We become attached to even the smallest things: a particular brand of soap or our hair being cut in a certain fashion. On a grand scale, we develop religions, political systems, philosophies, psychologies, and sciences. But no one is born with the belief that it is wrong to eat beef or pork or that one philosophical system is right and the other in error or that this religion is true and that religion is false. These must be learned. The allegiance to particular values is the result of cultural ignorance, but the propensity to accept limited views originates in the dualism that is the manifestation of innate ignorance.

This is not bad. It is just what is. Our attachments can lead to war but they also manifest as helpful technologies and different arts that are of great benefit to the world. As long as we are unenlightened we participate in dualism, and that is all right. In Tibetan there is a saying, "When in the body of a donkey, enjoy the taste of grass." In other words, we should appreciate and enjoy this life because it is meaningful and valuable in itself, and because it is the life we are living.
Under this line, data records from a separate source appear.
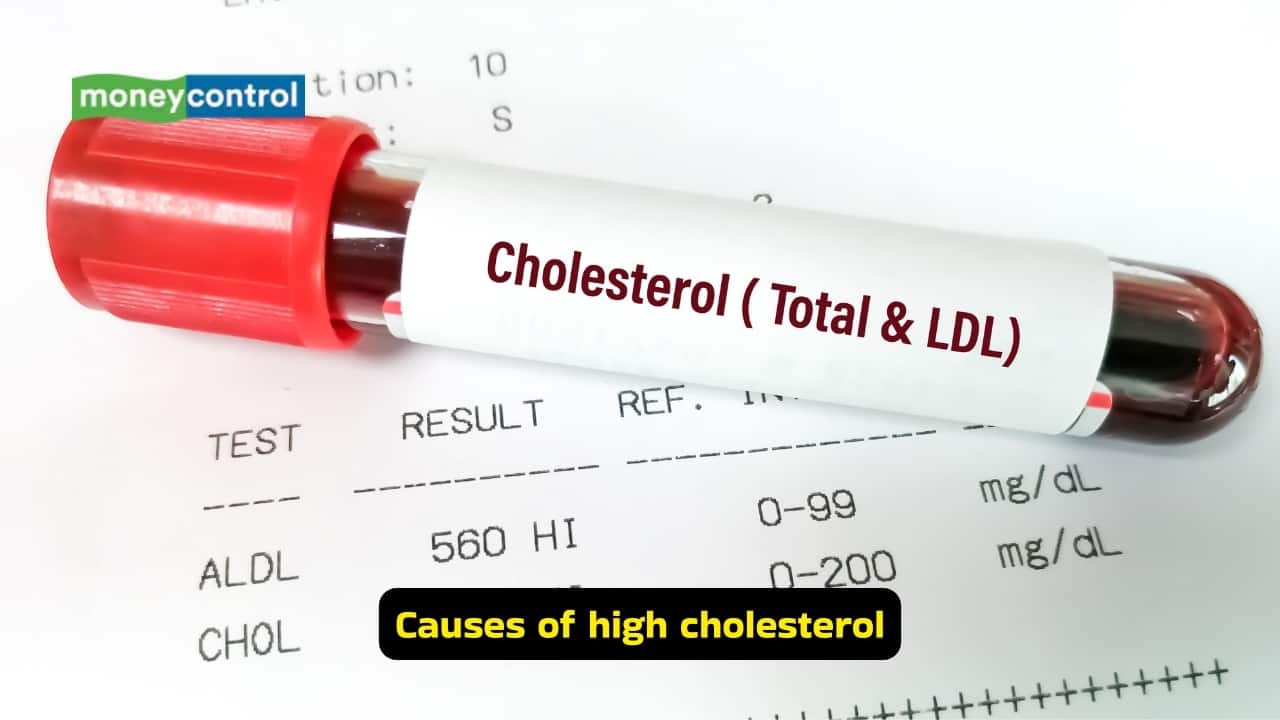 5 common myths about diet and cholesterol people still believe: Neurologist clarifies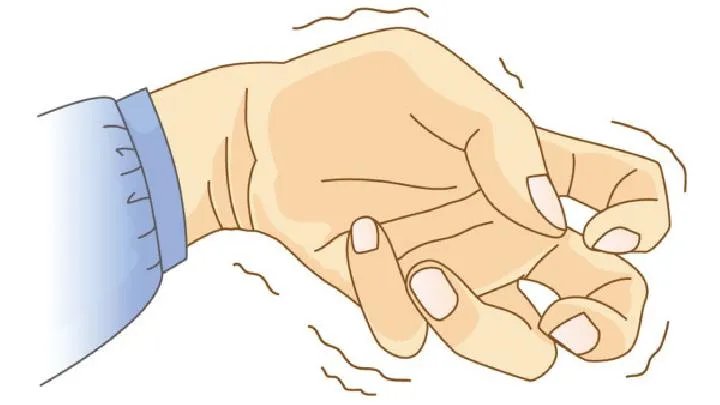 癫痫病的早期症状都有哪些呢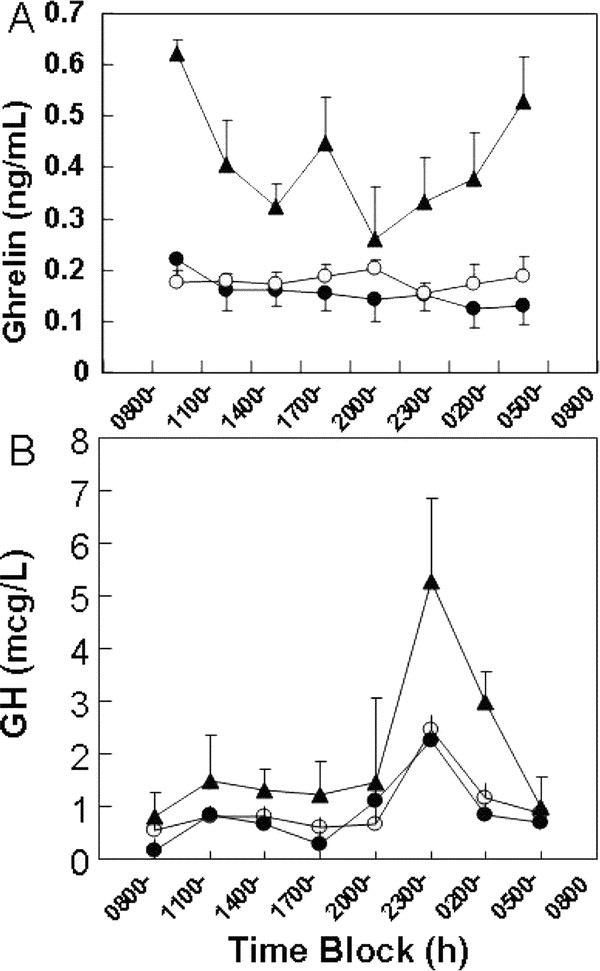 Ghrelin Concentrations Reflect Body Mass Index Rather Than Feeding Status  in Obese Girls | Pediatric Research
If we are not careful, the teachings can be used to support our ignorance. One can say that it is bad for someone to get an advanced degree, or wrong to have dietary restrictions, but this is not the point at all. Or one might say that ignorance is bad or normal life is only samsaric stupidity. But ignorance is simply an obscuration of consciousness. Being attached to it or repelled by it is just the same old game of dualism, played out in the realm of ignorance. We can see how pervasive it is. Even the teachings must work with dualism - by encouraging attachment to virtue, for example, and aversion to non-virtue paradoxically using the dualism of ignorance to overcome ignorance. How subtle our understanding must become and how easily we can get lost! This is why practice is necessary, in order to have direct experience rather than just developing another conceptual system to elaborate and defend. When things are seen from a higher perspective they tend to level out. From the perspective of non-dual wisdom there is no important and unimportant.